A daring broad-daylight bank robbery in Harvard Square is pulled off with great expertise by a group of childhood buddies, headed by Doug MacRay (Affleck) and James “Jem” Coughlin (Jeremy Renner). They make off with the loot, but also end up taking a hostage, the bank manager Claire Keesey (Rebecca Hall). She is released unharmed, but when the gang discovers that she is a “Tuney” (yuppie) who has moved into their neighborhood and might recognize them on the street, complications develop.

 

Since MacRay had the closest contact with Claire during the heist (calming her so she can dial the combination to the bank vault by saying “Just remember, it’s not your money”), he takes on the task of keeping an eye on her. After an encounter at the laundromat, where she reveals herself to be still shaken by her recent experience, he asks her out on a date, in the course of which he learns that she has already been questioned by FBI agent Adam Trawley (Jon Hamm, known to viewers as Don Draper in the popular AMC series Mad Men).

 

Claire also reveals that she saw an identifying tattoo on one of the robbers, which MacRay persuades her not to tell Trawley about for the time being. When she says he seems surprisingly familiar with the ways of law enforcement, he jokes that he gets it all from watching TV shows like CSI: Crime Scene Investigation. Indeed, The Town often feels like a segment in a television series, and in fact such series as HBO’s The Wire cover much of the same ground, and in greater depth.

 

Agent Trawley and his team learn that MacRay and his gang are working for an Irish mobster, Fergie the Florist (Pete Postlewaite), who also “employed” MacRay’s father (Chris Cooper), now shut away for life in a federal prison.

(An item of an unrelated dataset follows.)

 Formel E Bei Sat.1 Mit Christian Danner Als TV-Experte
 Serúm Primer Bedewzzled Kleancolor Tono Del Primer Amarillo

MacRay’s growing romantic involvement with Claire and desire to leave behind his life of crime (and his Oxycontin-addicted ex-girlfriend Krista [Blake Lively]) predictably cause tension with his buddy Jem, raise questions of his “loyalty” to his family and his class, and end in more robberies and gun-blazing car chases.

 

The clichés and stereotypes are pervasive. At best they are offset by relatively engaging performances, particularly by Renner and Lively in secondary roles, as well as Postlewaite’s pock-marked mobster. It would seem that having created such overwhelmingly negative characters in Gone Baby Gone, Affleck has gone to the opposite extreme here.

 

To the extent the film is enjoyable, it is primarily for its unabashed “cops-and-robbers” style. Our sympathy is on the side of the small band of “townies” who remarkably never really hurt anyone, and unlike CSI and The Wire, the cops do not win here, despite the overwhelming force at their disposal. Affleck clearly wants to underscore this point as the Boston police force is augmented with ever growing numbers of FBI squadrons, SWAT teams, commando units, sniffer-dogs, helicopters, and all manner of high-powered weaponry, all to no avail.

 

This gives the film an anti-establishment edge, suggesting comparison to other bank robber films such as Bonnie and Clyde (directed by Arthur Penn, 1967) or Dog Day Afternoon (directed by Sidney Lumet, 1975). But The Town is incapable of capturing in a dramatically convincing way the intense social tensions at work today that lie behind the desperate attempts to strike back at the system, despite an almost certain end in tragic and violent death.

 

The only darker note hinted at in this world where everything is pretty much on the surface, or easily discovered, and everyone is who they appear to be (and wearing clearly labeled wind-breakers), is that the robbers are able to outwit the forces of a repressive state by “passing” as utility workers, EMT technicians, bus drivers, even as cops, because they are these workers, they do these jobs and wear these uniforms. And there is an unmistakable anxiety that through their knowledge of this infrastructure, the working class might just pull off more than a bank job.